:: WHAT THE TASK REQUIRES ::
Only one span is wanted from the lines below: from the one with "каннабис Будённовск" up to and including the one with "How to Kill a God Chapter 135 - Page 4". Copy it exactly, without images.

++++ MATERIAL FOR THIS TASK ++++

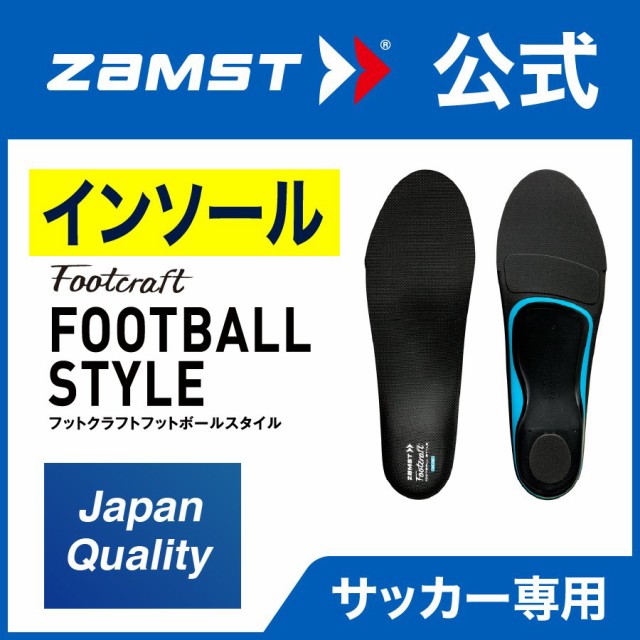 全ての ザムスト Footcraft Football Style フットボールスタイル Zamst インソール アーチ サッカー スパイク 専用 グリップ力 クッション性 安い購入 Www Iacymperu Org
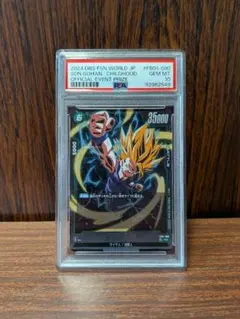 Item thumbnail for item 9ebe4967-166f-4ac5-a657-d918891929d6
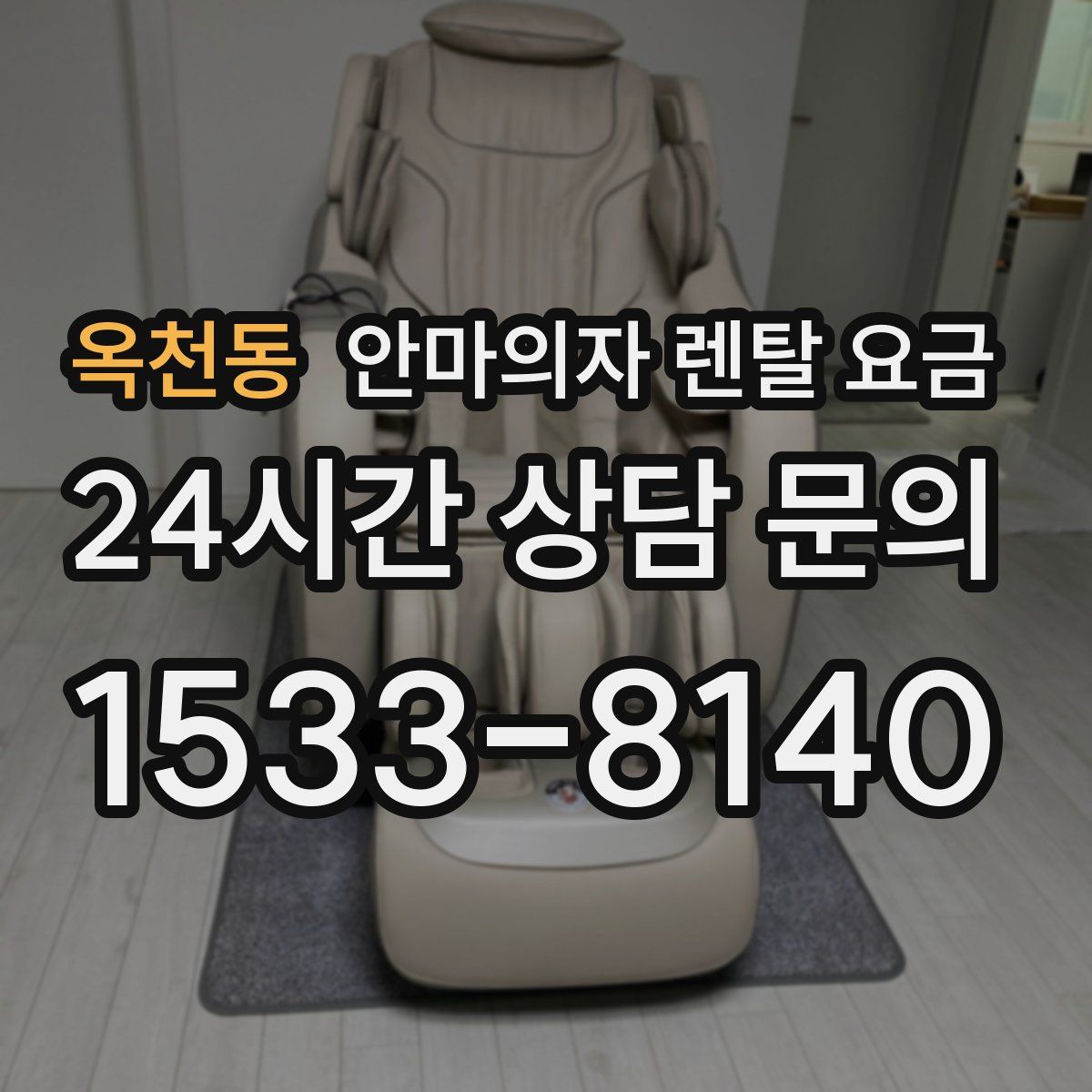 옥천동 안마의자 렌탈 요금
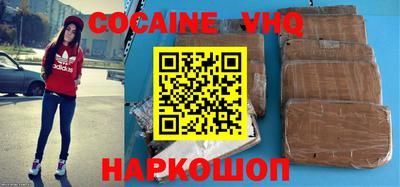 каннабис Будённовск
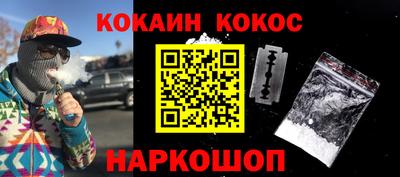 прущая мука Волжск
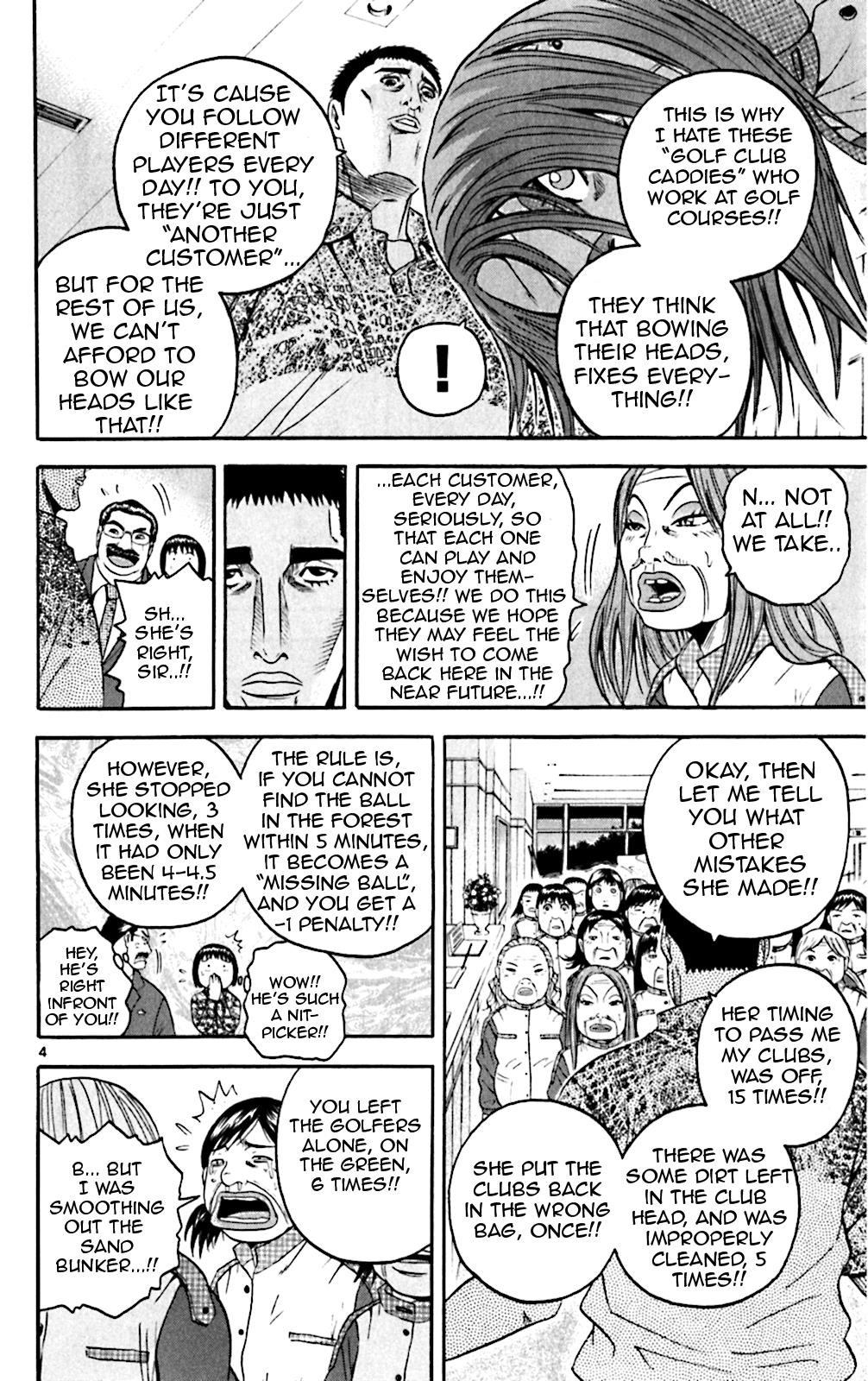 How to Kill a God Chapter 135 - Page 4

++++
++++ MATERIAL FOR THIS TASK ++++

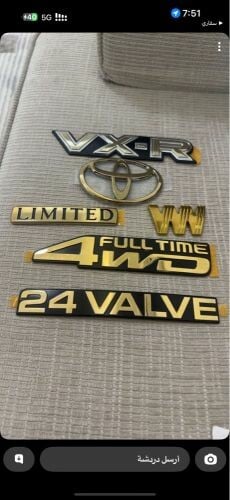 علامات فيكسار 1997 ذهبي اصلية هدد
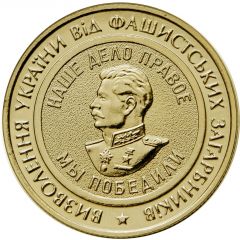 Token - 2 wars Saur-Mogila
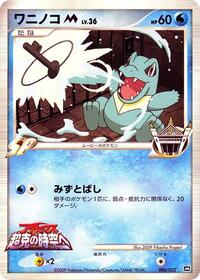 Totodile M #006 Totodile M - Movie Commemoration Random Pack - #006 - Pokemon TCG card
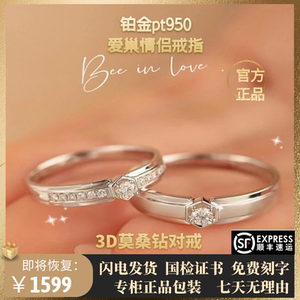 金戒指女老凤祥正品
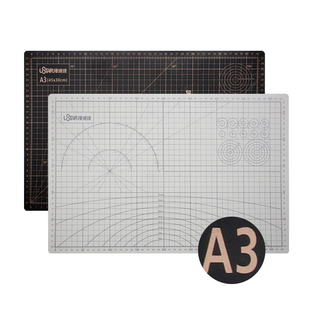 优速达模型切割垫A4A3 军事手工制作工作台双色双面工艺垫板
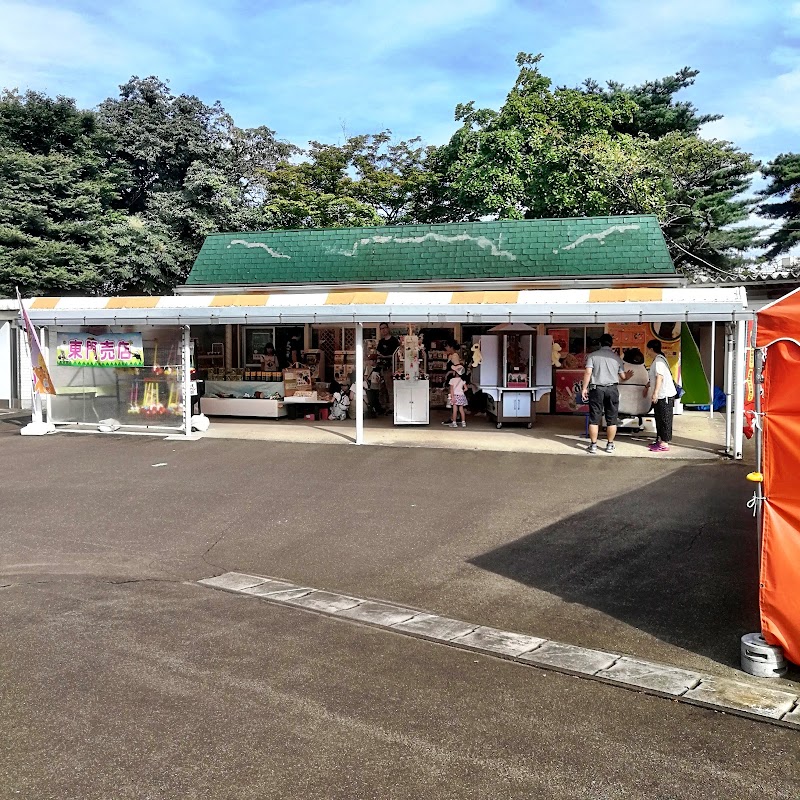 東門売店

++++
++++ MATERIAL FOR THIS TASK ++++

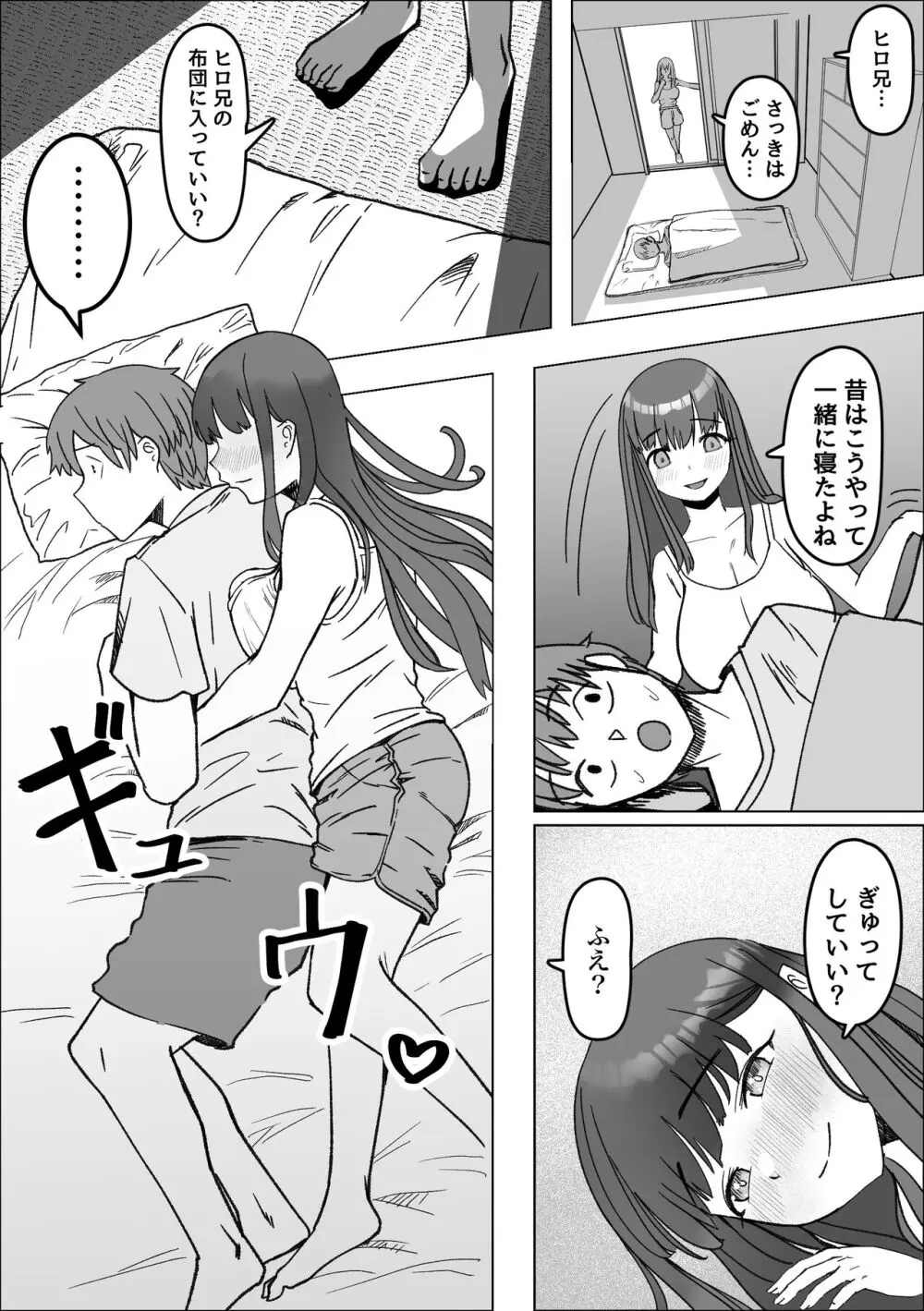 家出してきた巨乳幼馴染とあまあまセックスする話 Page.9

++++

:: ANSWER BELOW ::
 каннабис Будённовск
 прущая мука Волжск
 How to Kill a God Chapter 135 - Page 4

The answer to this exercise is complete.